To verify the above analysis, this study depicts the HU920 dataset with their mfe2 and dQ values (Figure 3). In Figure 3, the red squares and green circles represent the pre-miRNAs and the pseudo hairpins, respectively. The red ellipses, named GGC1, GGC2 and GGC3, are the generalized Gaussian components shown in Figure 1, and the black ellipse is the Gaussian distribution shown in Figure 2. Figure 3 reveals that there are potentially two clusters of pre-miRNAs in this dataset and form a shape of a mirrored 'L' in the feature space of mfe2 and dQ. mfe2 measures the energy of folding while dQ measures the arrangement of base paring. Table 4 shows the detailed descriptions of these features. Figure 3 suggests that if a RNA sequence has low folding energy, it is probably a pre-miRNA regardless of the arrangement of its base paring. On the other hand, there is another cluster of pre-miRNAs that have similar folding energies to those of pseudo hairpins. No obvious correlation exists in both clusters of pre-miRNAs. These findings coincide with the analysis based on the models generated by G2DE. In this example, the Gaussian components learnt by G2DE help users to identify features of interest without plotting all pairs of features along with the relations between them.

Figure 3.

Figure 3

Distribution of the HU920 dataset. The x-axis is the first feature of the second feature set, ratio of MFE to the number of stems; the y-axis is the fifth feature of the second feature set, adjusted Shannon entropy. Red ellipses represent the generalized Gaussian components shown in Figure 1; the black ellipse represents the Gaussian component shown in Figure 2. The red squares and green circles represent the pre-miRNAs and the pseudo hairpins, respectively. Values within the parentheses indicate the correlations between these two features in the corresponding Gaussian components.

Table 4.

Summary of the adopted feature sets.

Feature Description
Set 1
AA, AC, ..., UU Frequencies of 16 dinucleotide pairs
%G+C Percentage of nitrogenous bases which are either G or C
Set 2
mfe2 Ratio of dG to the number of stems
mfe1 Ratio of dG to %G+C
dP Adjusted base pairing propensity. dP is the number of base pairs observed in the secondary structure divided by the sequence length.
dG Adjusted minimum free energy of folding. dG is the minimum free energy (MFE) divided by the sequence length.
dQ Adjusted Shannon entropy. dQ measures the entropy of the base pairing probability distribution (BPPD).
dD Adjusted base pair distance. dD measures the average distance between all base pairs of structures inferred from the sequence.
dF Compactness of the tree-graph representation of the sequence.
Set 3
zG, zQ, zD, zP, zF 5 normalized variants of dP, dG, dQ, dD and dF
Set 4
lH Hairpin length
lL Loop length
lC Consecutive base-pairs
%L Ratio of loop length to hairpin length

The table shows the order of a feature within the feature set. For example, the fifth feature in the second feature set is dQ.

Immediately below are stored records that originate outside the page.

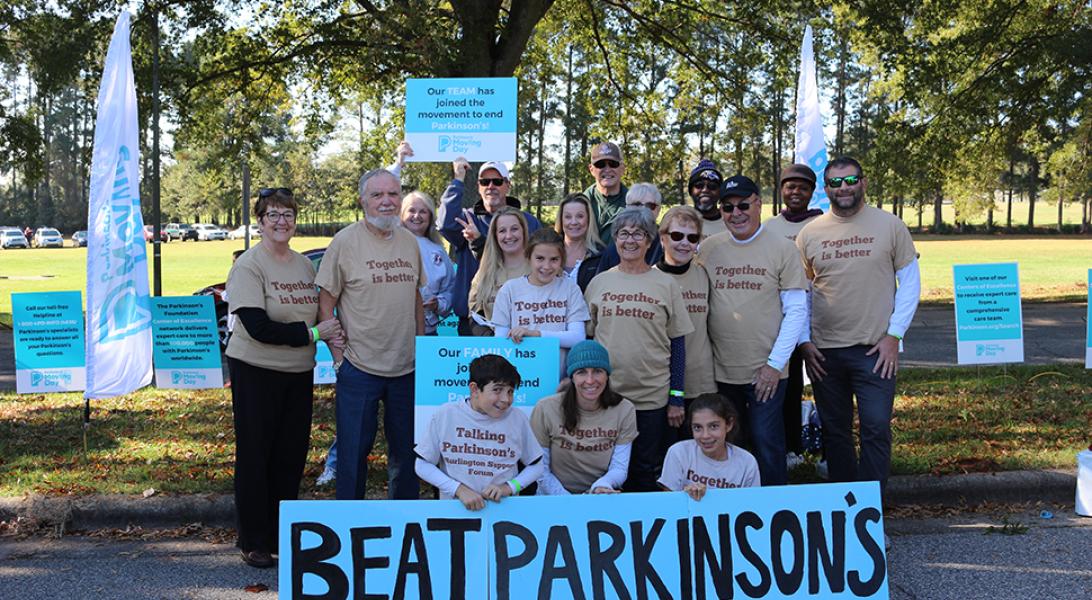 Moving Day team in front of a big sign that says Beat Parkinson's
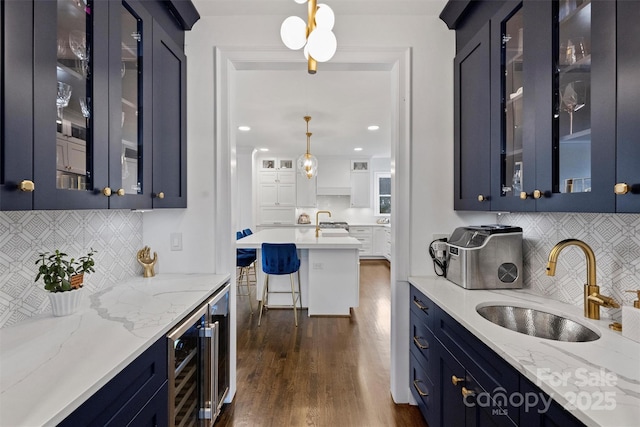 kitchen featuring dark wood-style floors, wine cooler, blue cabinetry, hanging light fixtures, and a sink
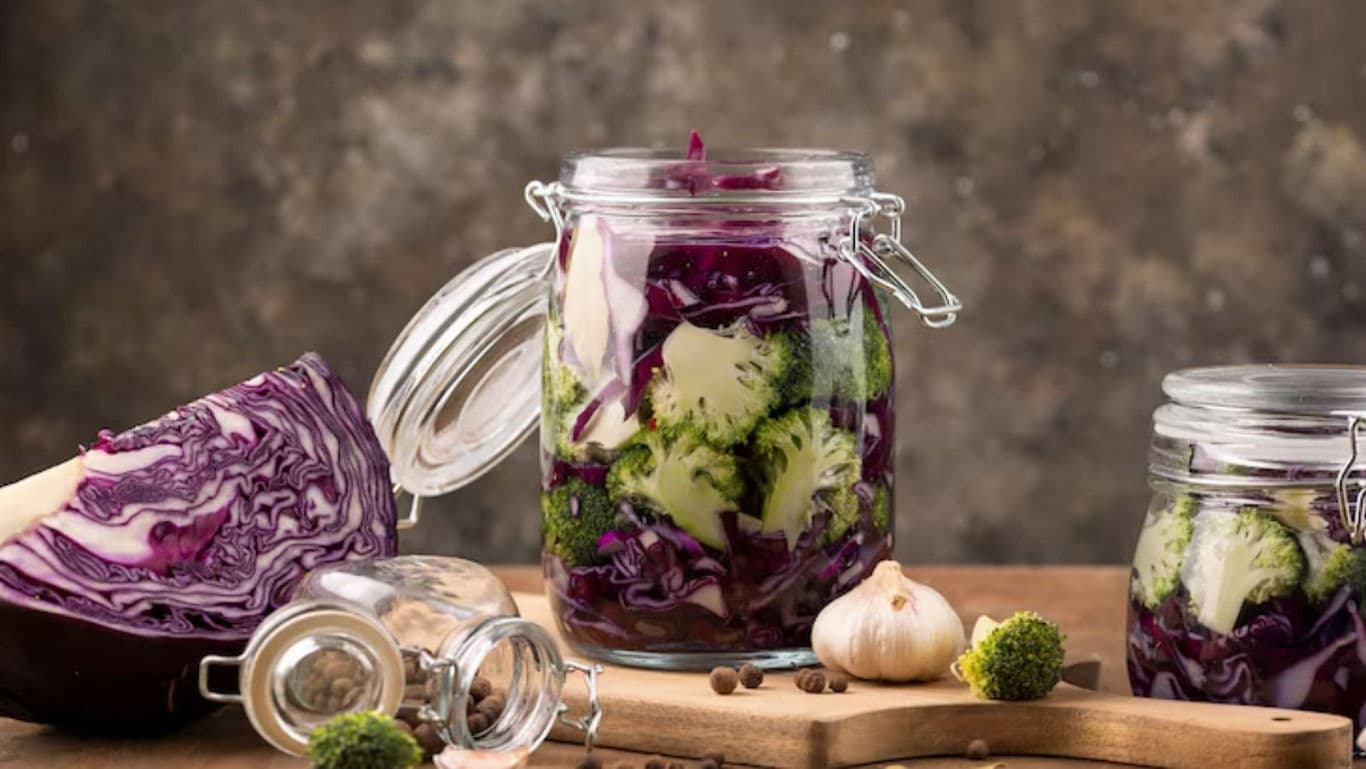 Glass jars filled with pickled vegetables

Another useful analysis provided by the learnt model of the G2DE based predictor is sub-class detection. By defining that a sample belongs to the Gaussian component reporting the maximum function value at the location of that sample, the learnt Gaussian components of G2DE suggests that "a sample that belongs to GGC2 is a pre-miRNA." This statement is similar to the normal decision rule "a sample that has mfe2 < 0.4 is a pre-miRNA," except that the conditions (belong vs. mfe2 < 0.4) within the rule inferred by G2DE is non-linear. This non-linearity of a single rule is an important feature of G2DE to describe more complicated model than traditional logic based classifiers when the number of kernels of G2DE is limited to the number of rules of logic based algorithms. One immediate application of the sub-class detection is to group samples into clusters and then construct a classifier for each of the clusters. The performance improved by applying such two-stage framework has been shown in the previous subsection.

Conclusion

Software predictors that identify pre-miRNAs in genomic sequences have been exploited by biologists to facilitate molecular biology research in recent years. However, design of advanced predictors of pre-miRNAs has focused mostly on coding the distinguishable sequence as well as structure characteristics of miRNAs. The study presented in this article addresses this issue from the aspect of exploiting advanced machine learning algorithms. The G2DE employed in this study has been designed to deliver prediction accuracy comparable with the state-of-the-art kernel based machine learning algorithms, while providing the user with good interpretability. As demonstrated by the experiments reported in this study, the models generated by the G2DE based classifier provide the user with crucial clues about the different characteristics of the sequences of pre-miRNAs.

Methods

Feature set

This work adopts 33 characteristic features which have been shown to be useful for miRNA detection in previous studies [16-19,30,39-41]. To investigate how alternative classifiers perform when using different features, these features are grouped as four different sets according to their biochemical properties. The first feature set includes 17 sequence composition variables, which comprise frequencies of 16 dinucleotide pairs and proportion of G and C in the RNA molecule. The second feature set includes seven folding measures: Minimum Free Energy (MFE) and two of its variants [17,18,39], base pairing propensity [16], Shannon entropy [18], base pair distance [18,40] and degree of compactness [19,41]. The third feature set uses the Z-score [42] to normalize the features in the second feature set except the two MFE variants. The fourth feature set includes four stem-loop features: hairpin length [15], loop length [15], consecutive base-pairs [15] and the ratio of loop length to hairpin length [15]. Table 4 shows a summary of these features.

Dataset

The process of data preparation is the same as that in the compared pre-miRNA identification packages [14,15] for a fair comparison. 692 human miRNA precursors are collected from the miRBase registry database [43] (release 12.0) as the positive set. For the negative set, 8494 pseudo hairpins collected from the protein-coding regions (CDSs) according to RefSeq [44] and UCSC refGene [45] annotations are analyzed. These RNA sequences are extracted from genomic regions where no experimentally validated splicing event has been reported [12]. The secondary structures of the 8494 RNA sequences are obtained by executing RNAfold [46]. RNA sequences with <18 base pairs on the stem, MFE > -25 kcal/mol and multiple loops are excluded. As a result, 3988 pseudo hairpins, which are similar to genuine pre-miRNAs in terms of length, stem-loop structure, and number of bulges but not have been reported as pre-miRNAs, are used as the negative set.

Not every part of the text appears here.